Re: Project 10632 (Run 35, Clone 3, Gen 7)

Posted: Thu Jul 22, 2010 7:52 pm
by sortofageek
Project: 10632 (Run 35, Clone 3, Gen 7) has been successfully completed and returned by another folder, so it would seem the problem is not the WU.

Re: Project 10632 (Run 35, Clone 3, Gen 7)

Posted: Thu Jul 22, 2010 8:29 pm
by rickoic
Well I have 2 eVga 460's installed so I swapped them. The 460 that was having the problems with the wu is now folding happily on P10632 (R85, C2, G41) and the other 460 is choking on the P10632 (R35, C3, G7) just like the other 460 was.

Fold on
Rick

Re: Project 10632 (Run 35, Clone 3, Gen 7)

Posted: Thu Jul 22, 2010 8:58 pm
by bruce
OK, it's not the GPU and it's not the WU, so my money is on the drivers.

Re: Project 10632 (Run 35, Clone 3, Gen 7)

Posted: Thu Jul 22, 2010 9:46 pm
by rickoic
Ok, I've now moved a 250 into slot 1, with the 460's in slots 2 and 3.

The 250 pulled a p5782 (R9, C25, G211) and failed on it 8 times before being put to sleep.

The 460 in slot 3 is continuing with P10632 (R85, C2, G41) with no problems.
The 460 in slot 2 is continuing with the P5782 (R10, C19, G225) that the 250 had started. Hopefully will finish it and the pick up a A3.

Next step will be to run memtest on ram, then if ram checks out alright, might have to RMA motherboard.

Fold on
Rick

Re: Project 10632 (Run 35, Clone 3, Gen 7)

Posted: Fri Jul 23, 2010 12:04 am
by rickoic
Ok, ran MEMTEST86 on my ram and got errors, but I don't think it's ram errors.
Have 6 sticks of 2GB Corsair ram installed.
Ran MEMTEST86 and got following errors:
Lowest error address: 0007F800000 2040.0MB
Highest error address:0007FC00000 2044.0MB

Removed 1st stick and moved all others forward and put 1st stick in as 6th stick (ram MEMTEST86 again and got same errors)
did the same think with sticks of ram again until all had cycled into 1st slot and each time I ram MEMTEST86 I got the same errors.

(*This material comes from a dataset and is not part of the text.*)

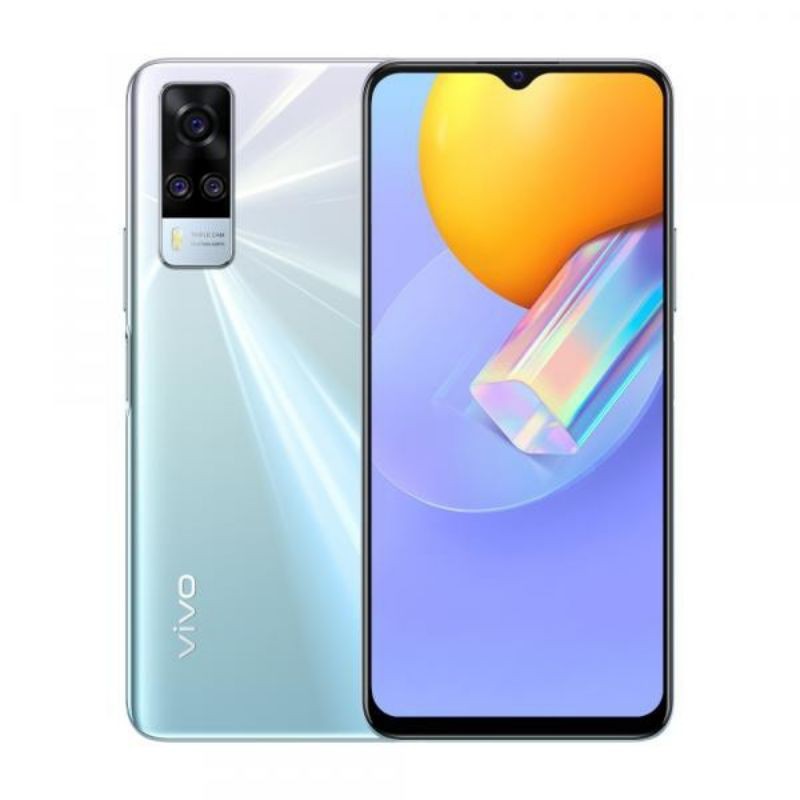 HP VIVO Y33s (VIVO Y53S)RAM 8/128GB,VIVO Y51A RAM 8/128GB , 5000MAH, GARANSI RESMI 1 TAHUN-2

I think its now a motherboard issue. Anyone else have any ideas?

Tks
Rick

Re: Project 10632 (Run 35, Clone 3, Gen 7)

Posted: Fri Jul 23, 2010 4:11 am
by PantherX
rickoic wrote:...The 460 in slot 2 is continuing with the P5782 (R10, C19, G225) that the 250 had started. Hopefully will finish it and the pick up a A3...
That is your problem. A Fermi GPU will not process GPU2 WUs (WUs that use FahCore_11), it only processes GPU3 WUs (WUs that use FahCore_15) Maybe you can refer to my Guide and see if there is anything useful.